What you are asked to do: Below this line are records; write out exactly the lines from the one containing "Pentel Brush Sign" through the one containing "CHINISM赤尘 纯棉针织鱼鳞毛圈polo卫衣男秋季套头男士翻领上衣 商品图0", with the pictures left out.

:::::

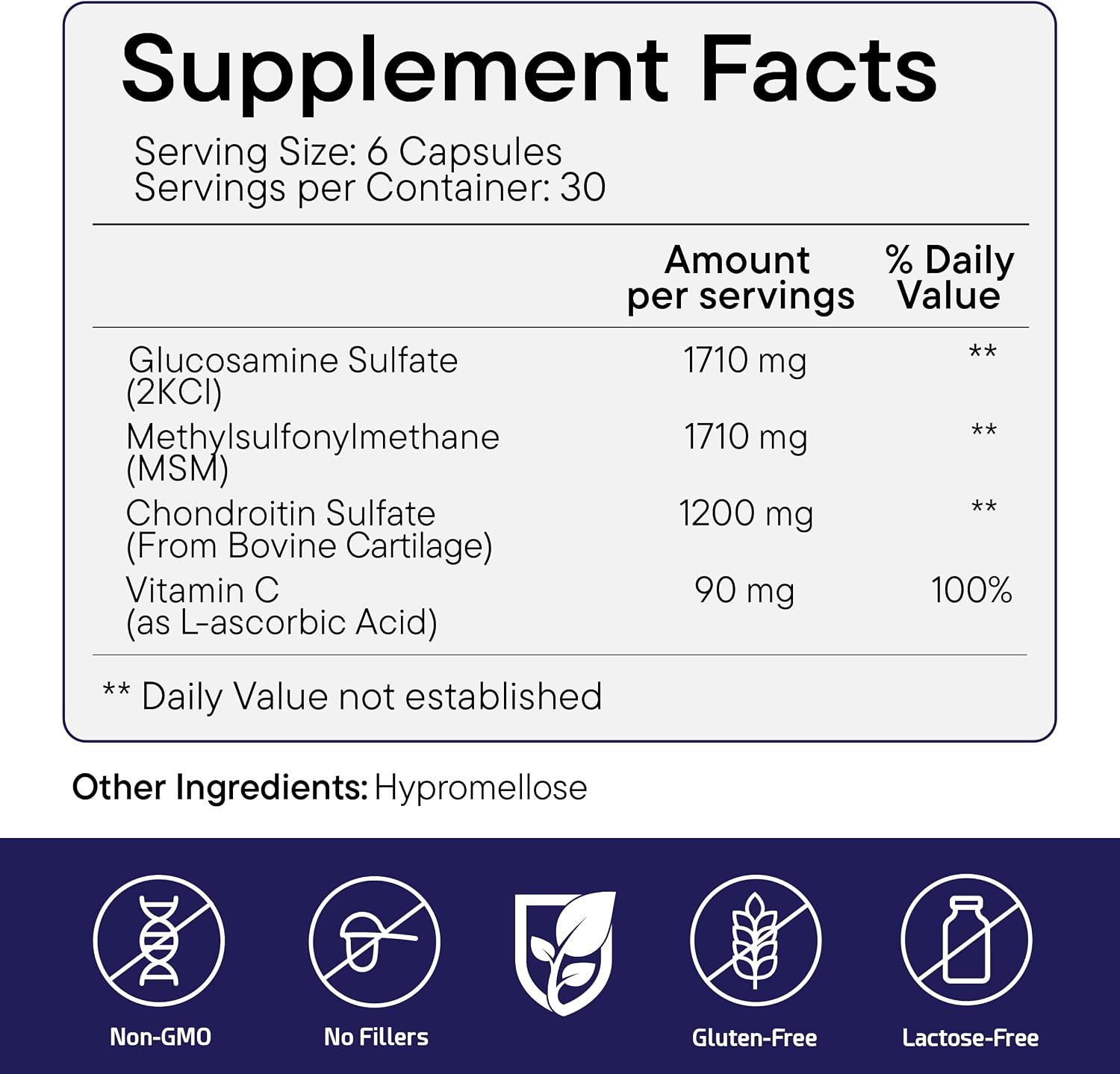 FürstenMED® Glucosamine 1710mg + Chondroitin 1200mg + MSM 1710mg + Vitamin C, High-dose Supplement 4-in-1 Complex 180 Capsules for Joint Health
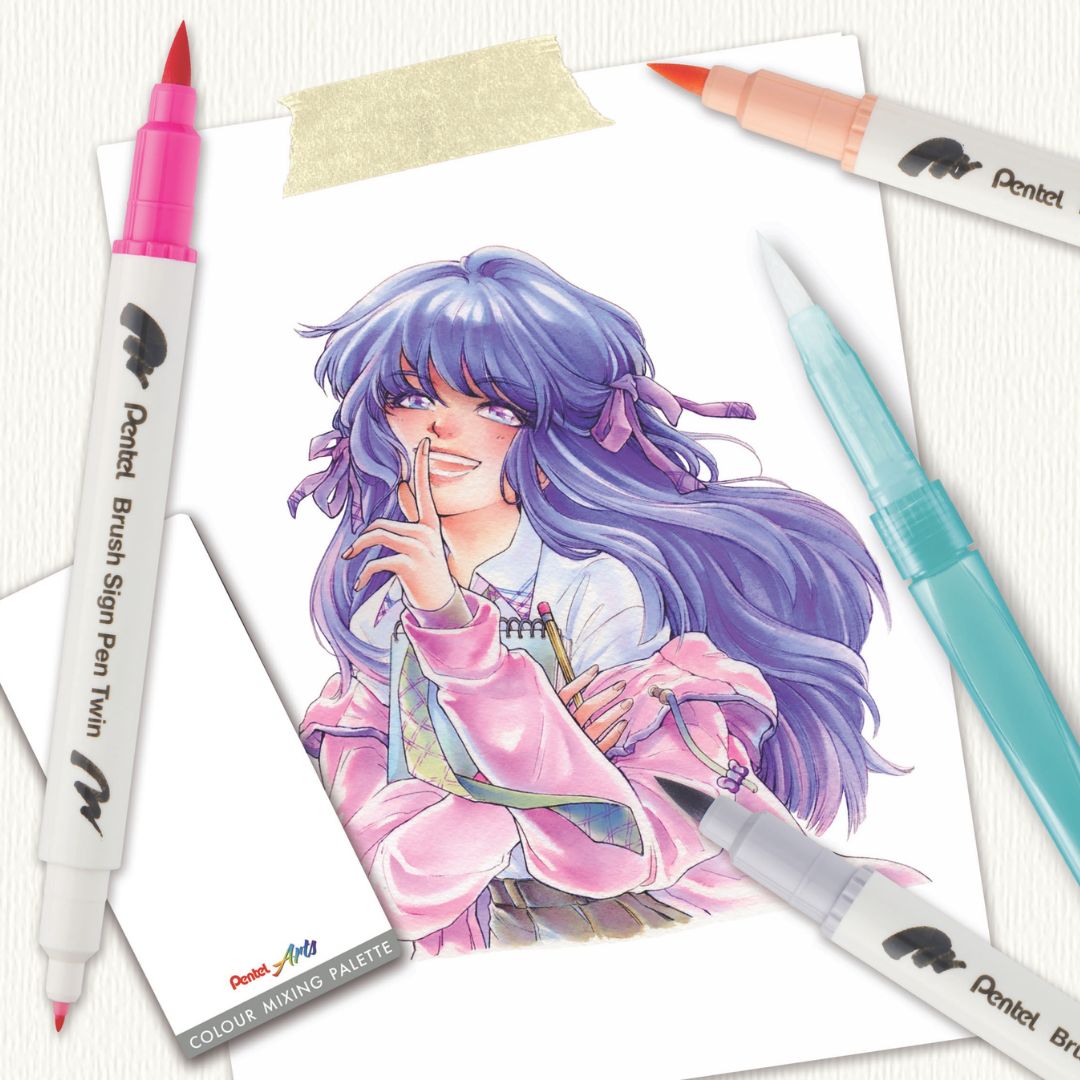 Pentel Brush Sign Pen Twin Expressive Set - Manga - Pentel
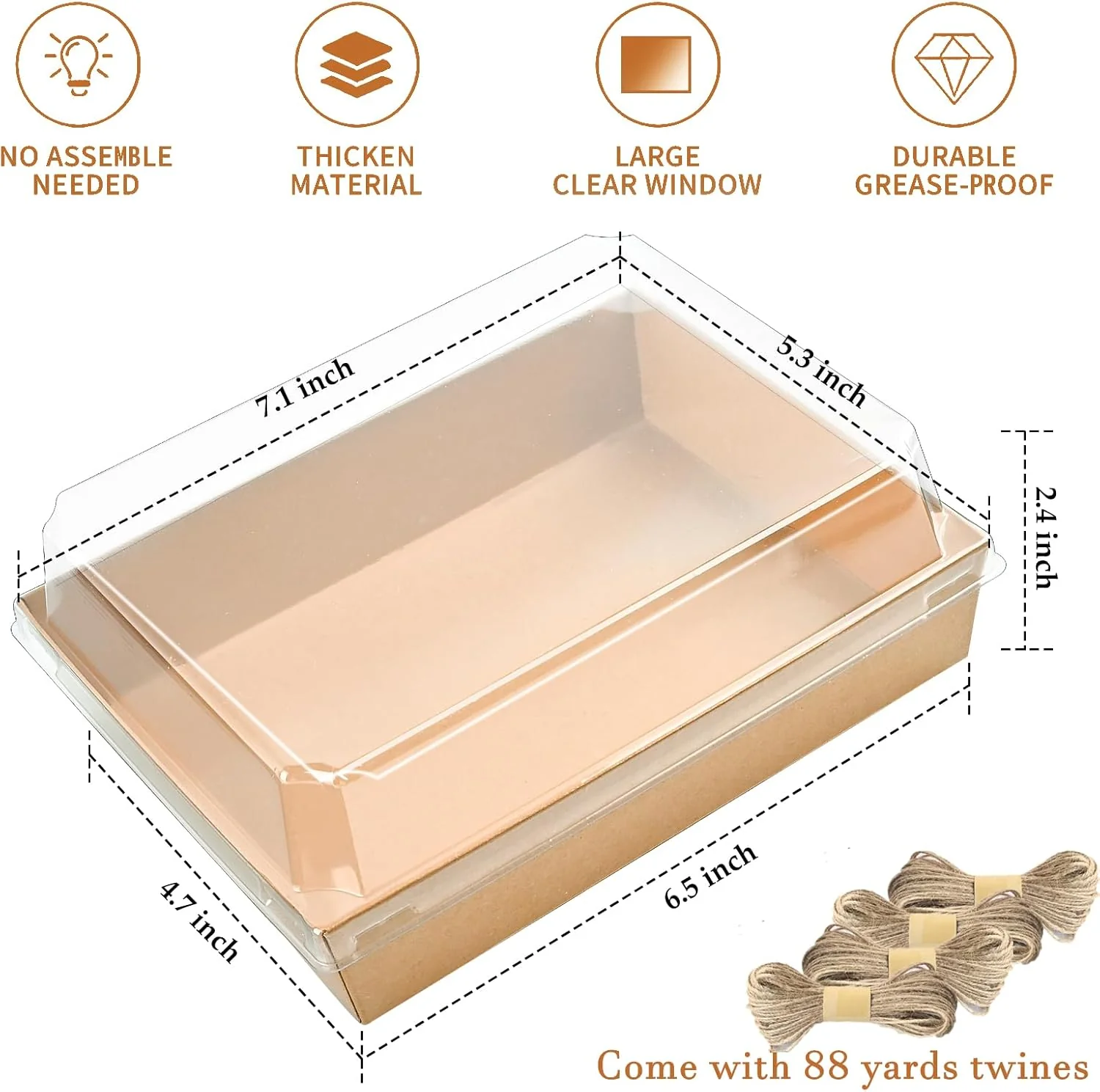 Ocmoiy 7x5 Inch Charcuterie Boxes with Clear Lids, 50 Pack Paper Bakery Boxes with Window, Disposable Take Out Food Containers for Sandwiches, Strawberries, Cookies, Cupcakes (Brown) - Image 2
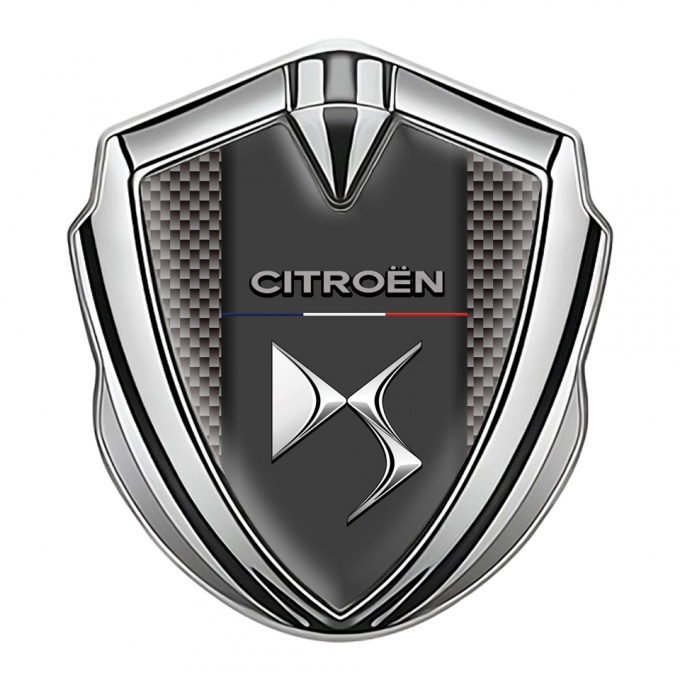 Citroen DS Self Adhesive Bodyside Emblem Silver Brown Carbon Effect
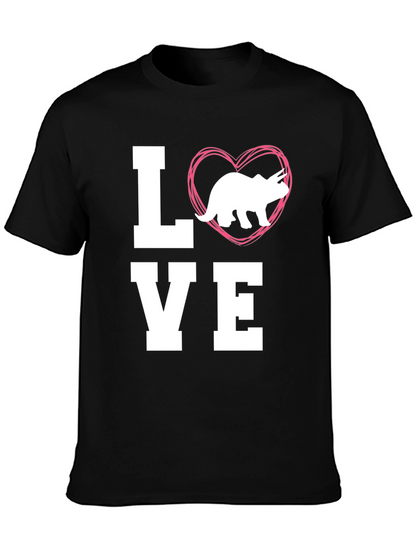 Love Triceratops Dinosaur Graphic Tee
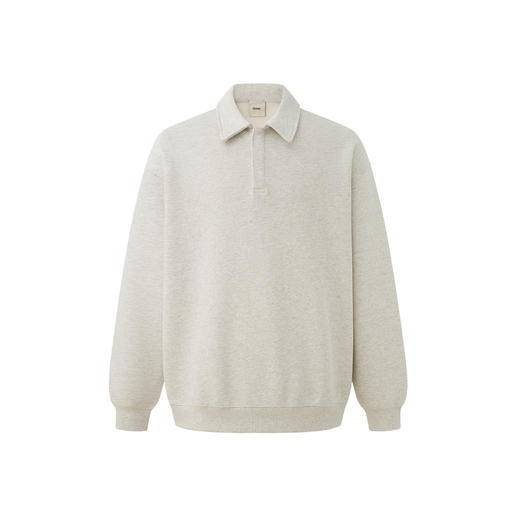 CHINISM赤尘 纯棉针织鱼鳞毛圈polo卫衣男秋季套头男士翻领上衣 商品图0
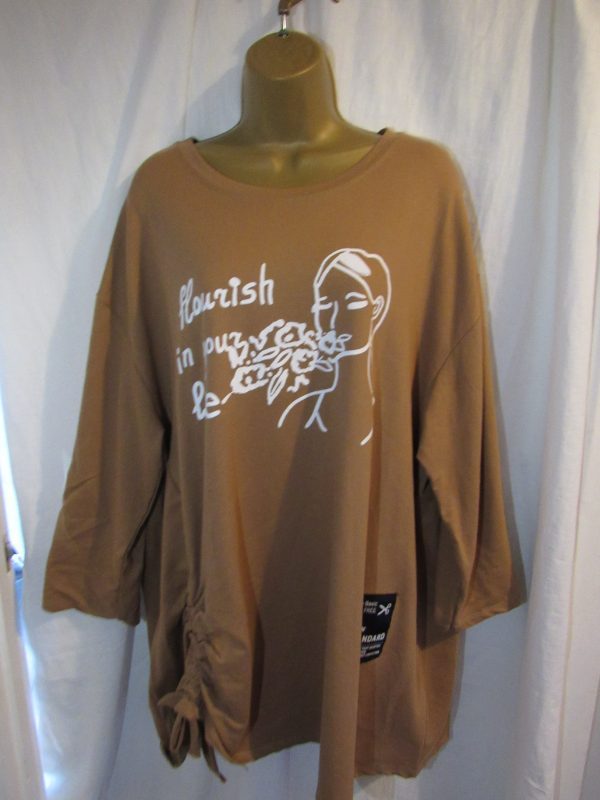 SALE SALE SALE New Ladies Camel Ruffle Side Tunic Top One Size fits sizes 18 20 22 NON RETURNABLE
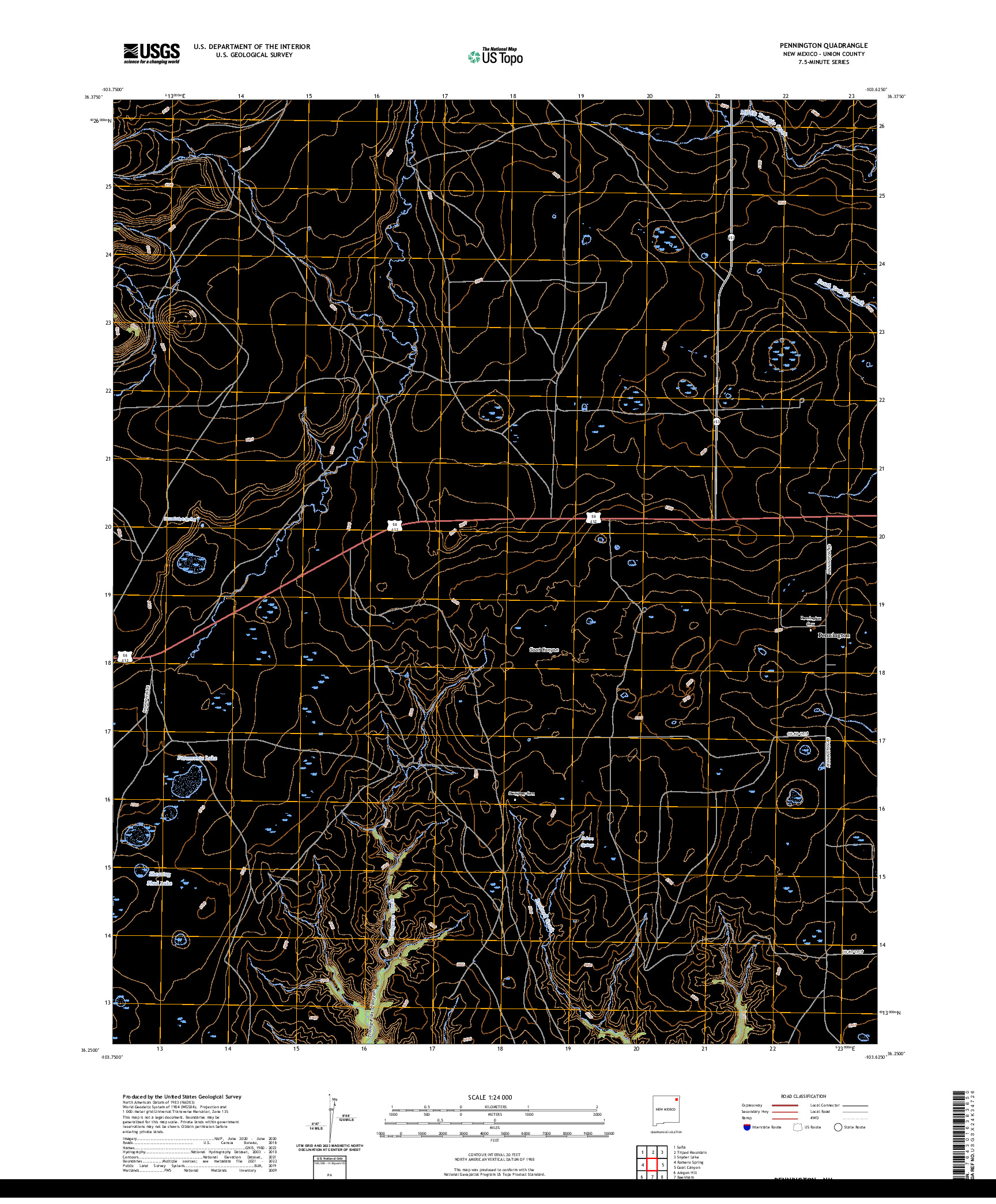 US TOPO 7.5-MINUTE MAP FOR PENNINGTON, NM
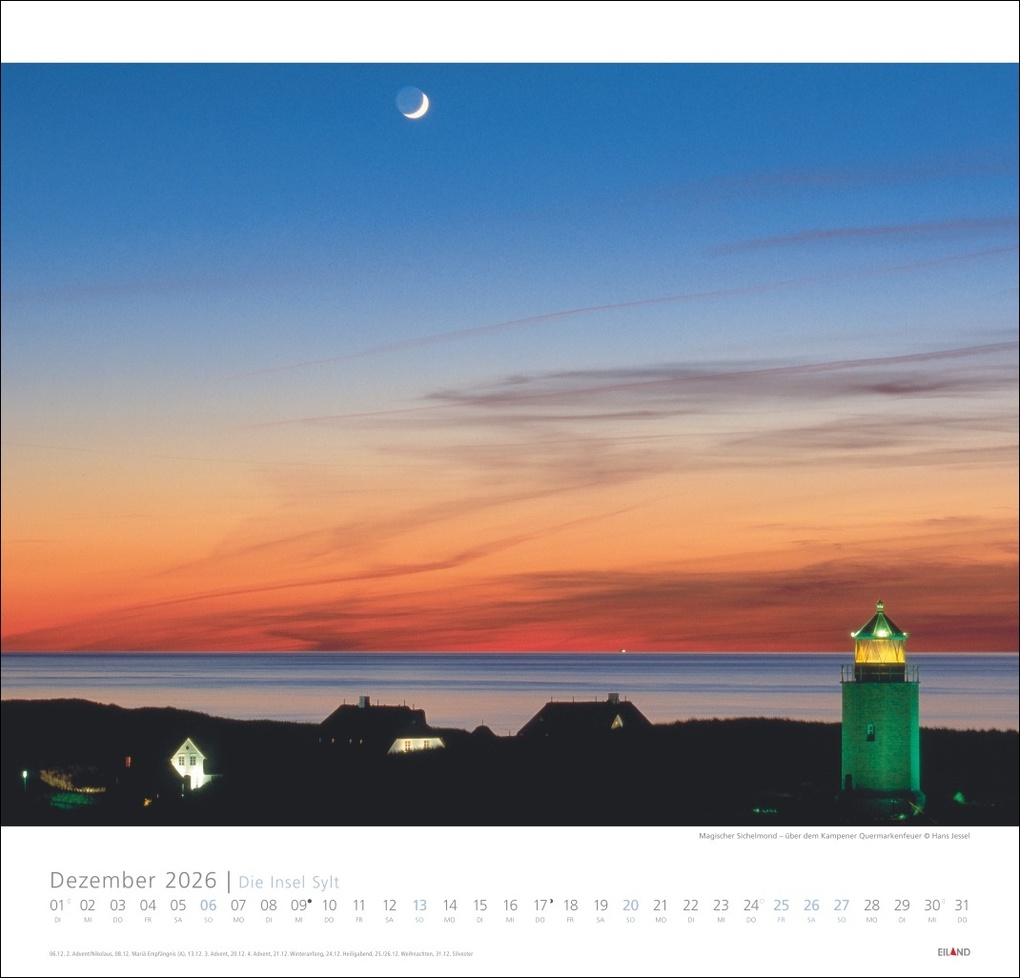 Weitere Ansicht: Die Insel Sylt Edition Kalender 2026 - Hans Jessel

:::::

Written response:
 Pentel Brush Sign Pen Twin Expressive Set - Manga - Pentel
 Ocmoiy 7x5 Inch Charcuterie Boxes with Clear Lids, 50 Pack Paper Bakery Boxes with Window, Disposable Take Out Food Containers for Sandwiches, Strawberries, Cookies, Cupcakes (Brown) - Image 2
 Citroen DS Self Adhesive Bodyside Emblem Silver Brown Carbon Effect
 Love Triceratops Dinosaur Graphic Tee
 CHINISM赤尘 纯棉针织鱼鳞毛圈polo卫衣男秋季套头男士翻领上衣 商品图0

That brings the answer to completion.